YAML Essentials

YAML Essentials

This post is an essentials guide about YAML for developers. The YAML syntax is defined with examples on how to use the syntax optimally. Finally, the guide contains links to important YAML websites.

Originally YAML was an acronym for Yet Another Markup Language since its original purpose was to be a document markup language. The three authors, Clark Evans, Ingy döt Net and Oren Ben-Kiki came together in 2001 realising the projects they worked on have a lot in common. They combined their work into a single project known as YAML, a data serialization language. They renamed YAML to YAML Ain't Markup Language which is also a recursive acronym.

YAML is commonly used for configuration files and in applications where data is being stored or transmitted. YAML has very simplistic data types (scalars, lists, arrays..) and data structures (indentation, dashes, colons ..). The extension of a yaml file can either be yml or yaml.

YAML Syntax

Basic Syntax

The YAML syntax uses indentation for a structure (2 spaces, not tabs), dashes for lists and colons for key-value pairs. No duplicate keys are allowed on the same level.

Sequences are lists:

- Item 1
- Item 2

Mappings are key-value pairs:

key1: value1
key2: value2

A sequence of mappings:

- key1: value1
  key2: value2

A mapping of mappings:

overallkey:
  key1: value1
  key2: value2

Block Style employs indentation rather than indicators to denote structure. This results in a more human-readable (though less compact) notation, but is also less compact.

student: "Joe Soap"
university: 
  city: Pretoria
  country: South-Africa
  name: Tukkies
courses: 
  - "Computer Science"
  - Mathematics
  - Physics

Flow Style can be thought of as the natural extension of JSON to cover folding long content lines for readability, tagging nodes to control the construction of native data structures, and using anchors and aliases to reuse constructed object instances.

student: "Joe Soap"
university: { name: Tukkies, city: Pretoria, country: South-Africa}
courses: [Computer Science, Mathematics, Physics]

Comments

An explicit comment is marked by a “#” indicator. Comments must be separated from other tokens by white space characters. Comments are a presentation detail and must not be used to convey content information.

# This is a comment
students: # This is an inline comment
  - Mark McGwire
  - Sammy Sosa
teachers:
  # This is an inline comment
  - Sammy Sosa
  - Ken Griffey

Scalars

YAML provides three flow scalar styles: double-quoted, single-quoted and plain (unquoted). The double-quoted style is specified by surrounding " indicators. This is the only style capable of expressing arbitrary strings, by using \ escape sequences. The single-quoted style is specified by surrounding ' indicators. Therefore, within a single-quoted scalar, such characters need to be repeated. The plain (unquoted) style has no identifying indicators and provides no form of escaping.
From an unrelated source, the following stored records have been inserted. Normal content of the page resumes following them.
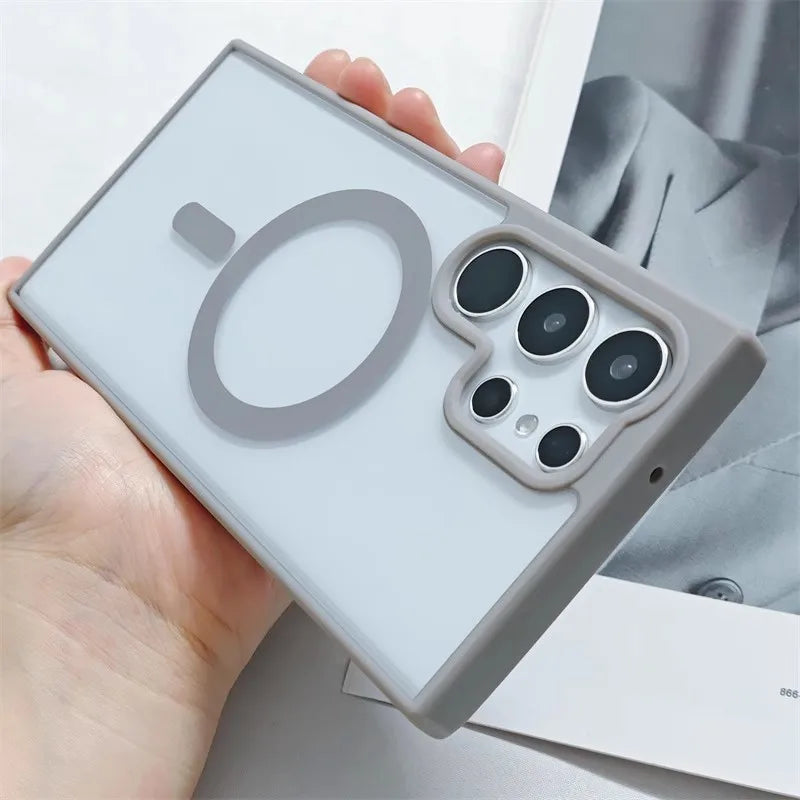 Matte Magnetic Phone Cover for Samsung Models 14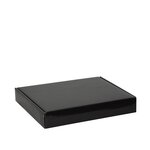 Boîte rectangulaire en carton micro-cannelé noir brillant 23 x 17 x 3.5 cm
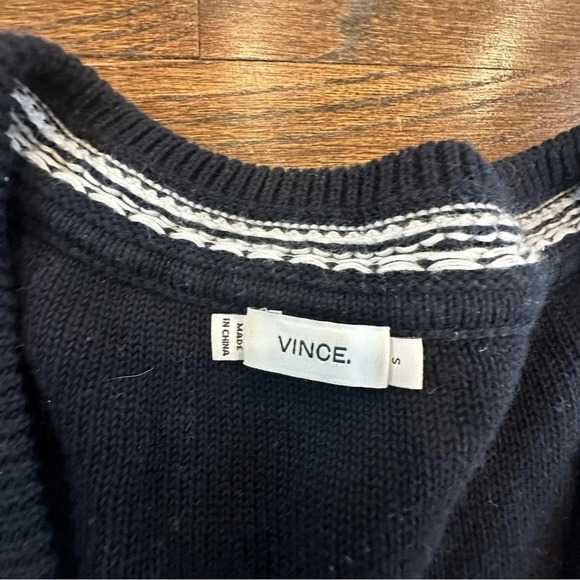 VINCE NAVY/WHITE CONTRAST STITCH SWEATER SIZE  Small 100% Cotton Q0483 - Picture 6 of 8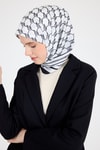 Siyah Monogram Desenli Eşarp 3015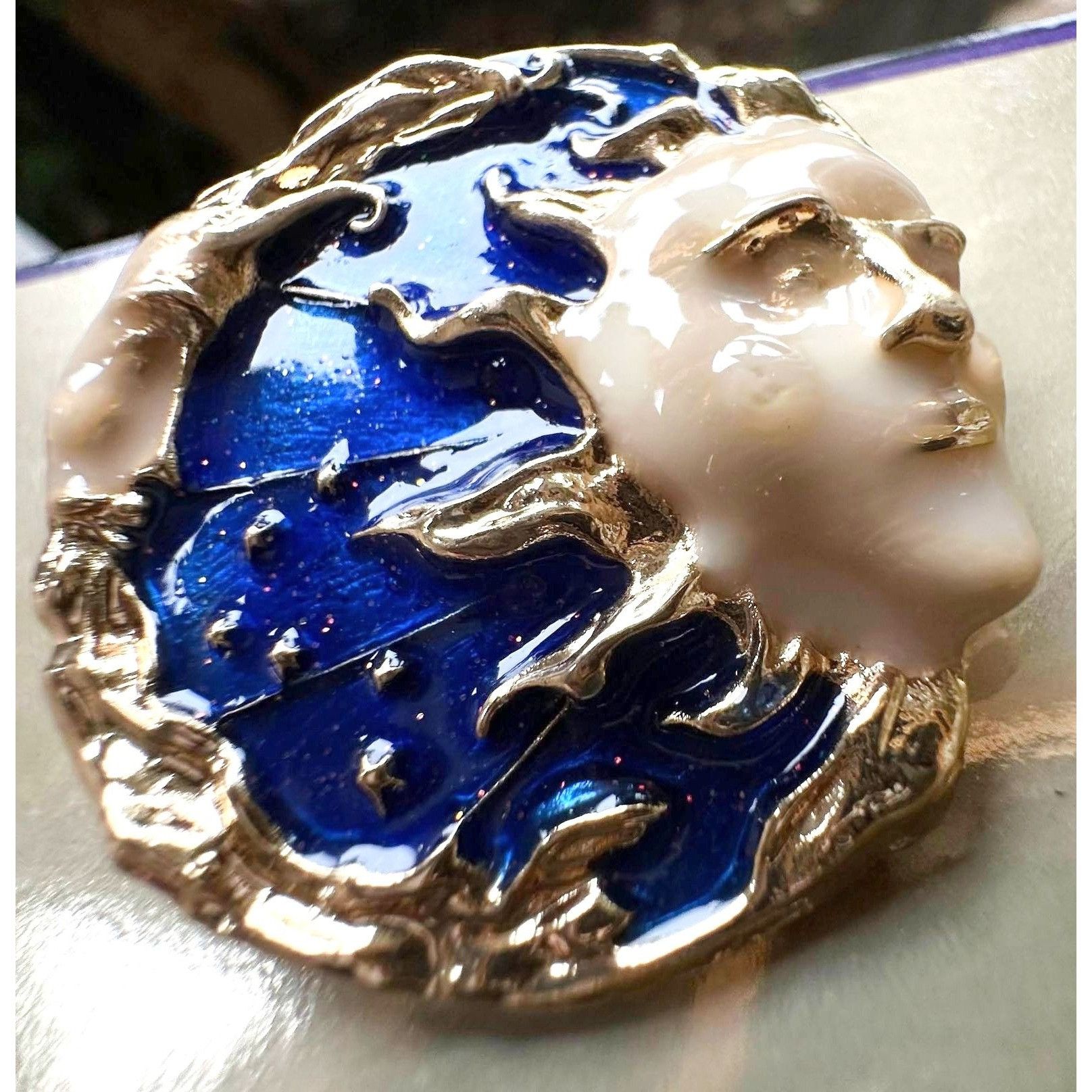 Handmade Celestial Moon Sun Brooch Pin New Gold Navy Yours is the Lig Size ONE SIZE - 4 Thumbnail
The scalar represents strings, integers, dates, and other atomic data types.

strings:
  - double-quoted: "This is a string value"
  - single-quoted: 'This is a string value'
  - unquoted: This is a string value
nulls: 
  - null
  - ~ 
booleans:
  - true: true          # Other values are { Y, true, Yes, ON  }
  - false: false        # Other values are { n, FALSE, No, off }
integers:
  - canonical: 12345
  - decimal: +12345
  - octal: 0o14
  - hexadecimal: 0xC
floating-point:
  - canonical: 1.23015e+3
  - exponential: 12.3015e+02
  - fixed: 1230.15
  - negative_infinity: -.inf
  - not_a_number: .NaN
timestamps:
  - canonical: 2001-12-15T02:59:43.1Z
  - iso8601: 2001-12-14t21:59:43.10-05:00
  - spaced: 2001-12-14 21:59:43.10 -5
  - date: 2002-12-14
block-notation: | 
  Scalar content can be written in block notation, 
  using a literal style (indicated by `|`) where 
  all line breaks are significant.
folded-style: >
  Scalar content can be written with the 
  folded style (denoted by `>`) where each 
  line break is folded to a space unless it 
  ends an empty or a more-indented line.

Structures

YAML uses three dashes --- to separate directives from document content. This also serves to signal the start of a document if no directives are present. Three dots ... indicate the end of a document without starting a new one, for use in communication channels.

---
# Directive 1
cluster_name: 'Test Cluster'
num_tokens: 256
listen_address: localhost
---
# Directive 2
cluster_name: 'Production Cluster'
num_tokens: 1024
listen_address: 192.168.10.1
...

Tags

Tags are used for setting a custom URI, setting local tags and setting a data type.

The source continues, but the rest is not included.